Pour un œil extérieur, tout semblait parfaitement bien se passer. Les maitres surveillaient les disciples avec attention, guidant leurs gestes avec bienveillance mais fermeté quand il le fallait, reprenant avec eux encore et encore les mêmes mouvements jusqu'à ce que les disciples ne les suivent plus consciemment mais que leur mémoire musculaire fasse suffisamment le travail pour que leurs maitres ajoutent une nouvelle couche à leur apprentissage.

Ces shidi là n'étaient pas les plus jeunes. Ceux là avait entre dix et douze ans. Quand ils changeraient à nouveau de statut, ils seraient des juniors.

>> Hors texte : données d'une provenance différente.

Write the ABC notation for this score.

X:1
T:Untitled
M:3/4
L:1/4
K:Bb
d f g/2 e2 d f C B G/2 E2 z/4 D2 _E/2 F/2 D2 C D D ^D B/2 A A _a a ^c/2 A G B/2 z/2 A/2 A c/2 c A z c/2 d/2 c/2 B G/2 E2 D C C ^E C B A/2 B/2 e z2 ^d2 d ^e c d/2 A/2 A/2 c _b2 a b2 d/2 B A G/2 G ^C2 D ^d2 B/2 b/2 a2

C'était à cet âge-là que leur Premier Disciple préférait les instruire. Encore assez malléables pour apprendre vite, trop vieux pour pleurnicher du moindre bobo, mais encore assez jeunes pour s'émerveiller du moindre progrès assez signifiant. C'était aussi à cet âge que la grande majorité d'entre eux voyaient leur Node doré s'éveiller. Quand ça se produisait enfin, c'était toujours un moment de grande fierté pour les shidi et de grande joie pour leurs professeurs. JingYun n'était pas particulièrement à cheval sur le temps que mettaient les élèves à parvenir à ce moment. Certains n'y arrivaient même jamais. Mais ce n'était pas pour ca qu'ils étaient chassés, contrairement à la majorité des autres sectes. JingYun n'utilisait pas de serviteurs. Ceux qui ne pouvaient devenir des chasseurs avaient d'autres carrières qui s'ouvraient à eux dans les murs du temple. Un précédent chef de secte avait calculé que pour un chasseur actif et efficace, il fallait entre cinq et sept personnels non combattants : guérisseur, cuisinier, lingère, cultivateur de navet... Tout ce qu'il fallait pour maintenir un adulte dans les conditions optimales pour aller taper du monstre.
Ce n'était sans doute pas aussi prestigieux d'être paysan pour JingYun que Chasseur, mais lorsque les assiettes arrivaient le soir, débordantes de légumes délicieux et de viande amoureusement élevée, les remerciements n'allaient pas aux chasseurs puants avec leurs chaussettes sales d'avoir trop crapahutés dans les rues et les égouts de la capitale, mais aux agriculteurs qui avaient mit les oignons sur la table. C'était aussi pour ca qu'un maitre de secte, bien des siècles avant, avait fait de la ségrégation entre membres de la secte l'un des interdits majeurs qu'ils devaient tous respecter. Il n'était pas rare qu'un jeune chasseur encore imbu de sa personne parce qu'il venait de participer à sa première chasse au démon apprenne douloureusement cette règle à coups de fouet parce qu'il avait méprisé en face l'un des autres corps de métier qui faisaient tourner le temple. Après en prime quelques semaines à gratter la terre pour en arracher sa propre subsistance, à repriser ses propres chaussettes et à soigner ses propres ampoules, les jeunes idiots en rabaissaient pas mal.

JingYun était fier de JingYun et faisait tout pour que cet orgueil ne soit pas vide de sens. Leur ennemi commun était les démons et même ça c'était parfois sujet à caution.

C'était cette culture de la solidarité farouche qui causait un souci majeur au chef de secte.

"- Ça fait dix-sept."

Le chef de secte jeta un coup d'œil vers le septuagénaire près de lui. Comme la plus part des cultivateurs, il ne faisait pas son âge. Il n'avait pas pris une ride ou presque depuis son trente-cinquième anniversaire.

"- J'avais compté douze mais je réfléchissais."

Le Maitre près de son chef de secte renifla avec un mélange d'amusement et de moquerie.

"- Douze, dix-sept, ca fait tout autant en plus qu'avant."

"- Qu'est ce qui lui arrive ?"

"- Aucune idée du pourquoi, mais en tout cas, il déprime."